(Closed) IN-LAW DRAMA STILL…They Don't Feel "Included"

posted 6 years ago in African-American
  • poll: Should the MIL been invited to shower, despite her openly saying she didn't want to be there?
    Yes : (42 votes)
    52 %
    NO : (39 votes)
    48 %
  • Post # 3
    Member
    3471 posts
    Sugar bee
    • Wedding: July 2012 - The Gables Inn, Santa Rosa, CA

    I think you’re justified! And as for his family, they can stuff it Mother-In-Law included.  You’re not marrying them– you’re marrying HIM. So long as he’s happy, you can be too. 

    Post # 4
    Member
    860 posts
    Busy bee
    • Wedding: November 2012

    wow what an idiot. You cant win!

    they probably would have been pissed if they were invited to both and felt like you were being gift grabby…

    Post # 5
    Member
    41 posts
    Newbee

    I think if you were having one shower, things would be different… but since you’re having two (at HER insistance) I think it seems like a lot of unnecessary drama on their part. You’re definitely not “leaving anyone out” in my opinion. 

    Post # 8
    Member
    684 posts
    Busy bee
    • Wedding: February 2010

    Wow! I am sorry you have to go through this! MILs are suppose to bring the two families together not tare them apart. I wouldn’t bother arguing with Mother-In-Law at all, there is no point trying to move a mule! Too me, her behaviour is classless and her distain for your friends is totally disrespectful to you as a person and to her son’s choices.

    In my experience, it doesn’t get any better over the years. If they start the relationship as petty drama queens, it just never ends. I spend 6 years trying to be nice to my husband’s family. Unfortunately, I am not a mind reader who can guess the ever changing rules for how everything is supposed to be. I’ve tried everything I could think of. I even went to counseling thinking that I was the problem. After a while, the shrink said: “Why don’t you just stop seeing them? Life is too short!” I didn’t realize that was even an option! We don’t have to do anything anybody is telling us we must do.
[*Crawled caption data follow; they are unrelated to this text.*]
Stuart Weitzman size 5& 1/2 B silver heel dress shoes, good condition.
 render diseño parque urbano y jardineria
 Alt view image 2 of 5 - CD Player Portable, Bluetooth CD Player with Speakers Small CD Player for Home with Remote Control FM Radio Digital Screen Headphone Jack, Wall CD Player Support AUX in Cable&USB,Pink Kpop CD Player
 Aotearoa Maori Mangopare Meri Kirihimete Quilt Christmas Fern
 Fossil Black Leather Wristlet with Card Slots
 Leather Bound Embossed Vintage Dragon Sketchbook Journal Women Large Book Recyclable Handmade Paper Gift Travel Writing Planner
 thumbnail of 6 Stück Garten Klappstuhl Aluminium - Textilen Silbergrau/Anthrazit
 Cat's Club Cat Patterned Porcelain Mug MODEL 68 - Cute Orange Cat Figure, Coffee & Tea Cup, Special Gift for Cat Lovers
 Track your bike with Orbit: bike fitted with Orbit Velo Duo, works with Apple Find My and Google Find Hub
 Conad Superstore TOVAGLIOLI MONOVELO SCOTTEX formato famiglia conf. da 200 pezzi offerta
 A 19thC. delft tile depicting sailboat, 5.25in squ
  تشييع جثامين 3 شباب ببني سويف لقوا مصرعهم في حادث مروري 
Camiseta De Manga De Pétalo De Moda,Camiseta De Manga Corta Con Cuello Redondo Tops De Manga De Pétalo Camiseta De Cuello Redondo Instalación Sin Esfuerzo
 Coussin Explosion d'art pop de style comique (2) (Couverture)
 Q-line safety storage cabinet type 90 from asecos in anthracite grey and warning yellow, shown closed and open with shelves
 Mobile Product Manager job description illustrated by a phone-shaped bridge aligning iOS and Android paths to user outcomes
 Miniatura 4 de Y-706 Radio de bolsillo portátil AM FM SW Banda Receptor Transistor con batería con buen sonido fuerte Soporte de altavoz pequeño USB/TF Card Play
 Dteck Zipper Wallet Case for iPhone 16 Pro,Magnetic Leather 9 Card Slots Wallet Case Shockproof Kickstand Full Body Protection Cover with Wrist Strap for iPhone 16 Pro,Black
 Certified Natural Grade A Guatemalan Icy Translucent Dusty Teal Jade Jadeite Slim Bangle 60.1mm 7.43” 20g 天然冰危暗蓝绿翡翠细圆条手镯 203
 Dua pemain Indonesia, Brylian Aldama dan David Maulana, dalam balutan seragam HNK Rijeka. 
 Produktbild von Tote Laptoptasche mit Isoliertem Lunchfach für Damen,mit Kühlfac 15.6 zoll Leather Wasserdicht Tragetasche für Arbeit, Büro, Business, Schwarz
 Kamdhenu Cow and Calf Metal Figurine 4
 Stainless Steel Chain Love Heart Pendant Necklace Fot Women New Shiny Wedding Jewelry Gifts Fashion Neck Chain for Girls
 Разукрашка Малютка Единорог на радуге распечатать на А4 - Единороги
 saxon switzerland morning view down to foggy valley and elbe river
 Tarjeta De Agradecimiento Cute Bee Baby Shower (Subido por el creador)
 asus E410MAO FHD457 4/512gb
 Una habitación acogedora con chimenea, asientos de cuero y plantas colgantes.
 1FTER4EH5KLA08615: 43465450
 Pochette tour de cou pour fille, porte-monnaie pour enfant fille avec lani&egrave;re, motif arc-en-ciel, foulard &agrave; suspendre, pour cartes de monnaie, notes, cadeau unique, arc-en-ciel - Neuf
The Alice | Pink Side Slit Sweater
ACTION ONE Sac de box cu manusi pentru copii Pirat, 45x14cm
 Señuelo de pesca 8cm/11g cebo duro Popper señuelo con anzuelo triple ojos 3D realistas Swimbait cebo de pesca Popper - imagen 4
We only have one life and we should enjoy every minute of it.

     

    Post # 9
    Member
    362 posts
    Helper bee
    • Wedding: August 2014

    Your Fiance needs to check them, quick, fast and in a hurry. 

    Post # 10
    Member
    2550 posts
    Sugar bee
    • Wedding: July 2011

    They wanted their own shower so they should attend their own shower.  Too much drama for an event that isn’t about them.  Just do what makes you happy @ this point  And if you have a wedding planner, tell him/her that his family is difficult and you don’t want to hear about any drama on your wedding day.  Believe me, you will get all the gritty details afterwards.  I feel for you. 

    Post # 11
    Member
    1269 posts
    Bumble bee
    • Wedding: September 2013

    Wow. I answered the poll before I read the whole thing. I said “yes,” but now I don’t know.

    I guess the Mother-In-Law doesn’t speak for all the cousins and what not, so maybe I’d say to them–those not in the drama–that you are sorry if they are offended by not being invited to that shower, but you thought they’d be invited to the second shower, and you didn’t want them to feel obligated to attend two showers and buy two gifts.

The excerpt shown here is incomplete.